From 1830 to 1890, canals fueled new businesses and industry. The canal helped end the isolation of great sections of the country. Not only opening a market for the farmers, back-country mills and factories but also providing employment — owners, captains, boaters, and lockkeepers. River communities mushroomed into thriving ports overnight, and thousands of immigrants streamed into these areas. Canals made the development of river towns, like Muncy, possible by providing abundant water power and reliable, inexpensive transportation. Industries along the canal flourished — the Stolz Flour Mill, Muncy Woolen Mills — a major textile manufacturer, Sprout-Waldron's metal fabricating business, and other water-powered industries like the Clapp
and Rissel lumber and shingle mill, located right here in Port Penn.
On a Canal Boat
Imagine that it is 1838 and you are on the deck of a canal boat, either a cargo or passenger boat. A team of mules has towed your boat from dawn to dusk for several days, traveling up river from Harrisburg with a load of cloth and barrels of goods bound for the merchants of Muncy. As you glide into Lock No. 21, a small, busy port west of Muncy comes into view. Just past Lock No. 21 is the basin where you will tie up awaiting first light and the chance to unload your boat. [Photo] At left, PA Canal Boat No. 502 unloads coal at the Sprout-Waldron Company plant in 1891.

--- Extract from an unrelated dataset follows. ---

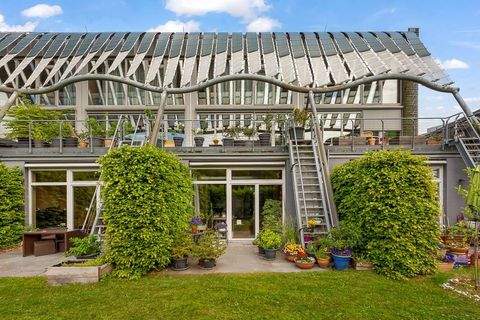 Hamburg Häuser, Hamburg Haus kaufen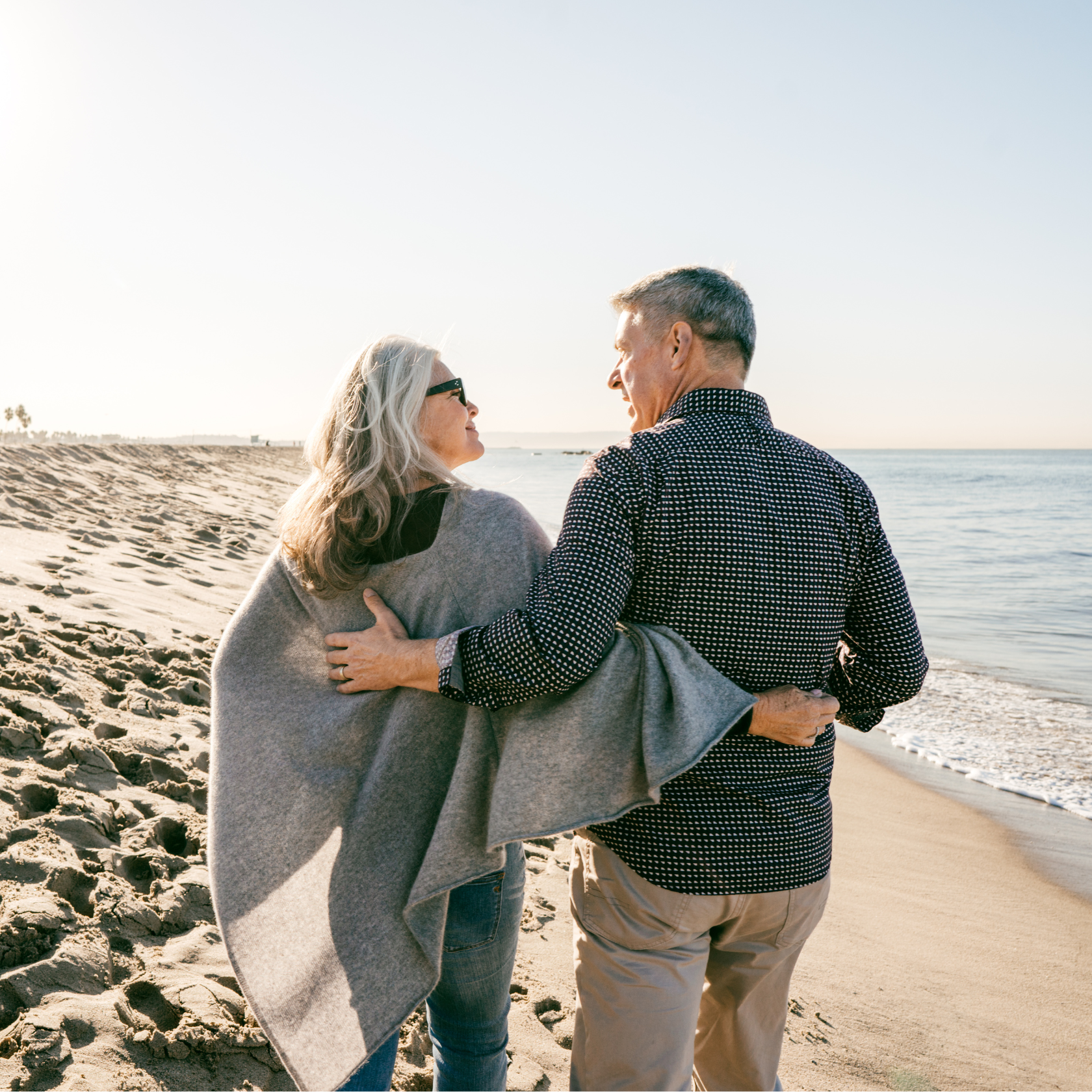 equity release for over 55's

A packet boat is another name for a passenger boat. While these long and narrow packets hauled people in comfort compared to stage coaches, packets rapidly disappeared from the canals as the railroad industry expanded through Pennsylvania. Passengers who wanted to board or disembark in the Muncy area could only do so at Port Penn; cargo boats could unload and load all along the Port Penn-Muncy section of the West Branch of the Pennsylvania Canal. At left is an illustration of a typical canal boat with passengers both inside and seated on the roof.
Lock No. 21, a combination outlet and lift lock, and lift lock No. 22, which is located 1/8 mile from here, was operated from sunrise to
sunset by the lockkeeper who lived here with his family. Since the lockkeeper had to open locks to canal traffic, the two-story lockhouses were almost always sited near the lock. They used the drinking well and placed their trash in a pit along side the canal.
The lockkeeper at Muncy Lock No. 21 probably would have lived in a house similar to this one [illustration] that once stood along the West Branch Canal.
In addition to the lockkeeper's house, there were storage sheds and a barn where fresh mules could be exchanged or purchased.
An employee of the canal company, the lockkeeper was responsible for the care and operation of a lock. He also was there to prevent the waste of water, to prevent damage to the canal and lock, and to ensure that boats received prompt passage, six to seven days a week.
[Map] At left, is a detail of Lock No. 21 of the PA Railroad Co Survey from the mid 1800s.